Governor Bala Mohammed of Bauchi State has again flayed the quit order on herdsmen from forests saying that no governor has the right to stop anyone from living in any part of Nigeria he or so chooses to abide.
Governor Mohammed spoke in an interview on Channels Television as he said that his defence of Fulani herders carrying AK-47 was a figure of speech.
The governor had been in a battle of wits with his Ondo State counterpart over his defence of Fulani herdsmen who were asked to leave Ondo Forest Reserves following outcries that the forest reserves had become a dwelling place of kidnappers.
He had been denounced by Governor Rotimi Akeredolu and many others.
Akeredolu speaking through his commissioner for information, Donald Ojogo had said that Mohammed’s utterance showed that he was unfit for public office.
He had said:
“If indeed he made that statement and owns up to its contents, it then means that the Bauchi state governor has declared on behalf of the federal government, an executive order which now allows all Nigerians, herdsmen inclusive, to carry prohibited firearms like assault rifles for self-defence.
“The Bauchi governor has by his conduct and attitude, ushered us into the next level on the path to anarchy. He’s not fit for public office, persons of such impecunious disposition and character is not fit for public office.”
Reiterating his claim against the order on herdsmen from forests, in a Channels Television interview on Friday, Mohammed said:
“Land is in the hands of the state and federal governments in trust but Nigerians don’t need the permission of governors or the federal government to settle everywhere. You don’t need the permission of the governor of Bauchi or the governor of Ondo to be in the forests of Ondo if you choose to live in the forests because under Section 41 of the constitution, you are free to settle anywhere.”
On his defence of herdsmen carrying weapons, the governor said:
“It is a figure of speech to show you the despondence, the desperation and frustration and the agony that this particular person is exposed to by his own people, by his own tribe and by other tribes who have all seen him as a criminal and therefore, he has the inalienable right to protect himself.”
“What I said in that context, I was addressing the media people.
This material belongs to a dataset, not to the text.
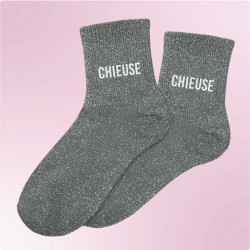 Chaussettes paillettes grises pour femme avec message "Chieuse"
And the topic was the use of the media to foster national unity and I was trying to situate the problem,” the former Minister of Federal Capital Territory (FCT) explained.
“The Fulani man is so exposed, dehumanised, demonised in fact, because he is being seen as a bandit and so, anywhere he goes, he is being pursued. Not only in the southwest or the southeast, even in the north because he is in the cattle route, his commonwealth which I call his cows, are being taken and rustled and of course, sometimes, they are fined beyond your imagination.
“If one cow strays into the farm because the cattle route has been taken away illegally without the authority giving permission, he will be fined seriously, mercilessly.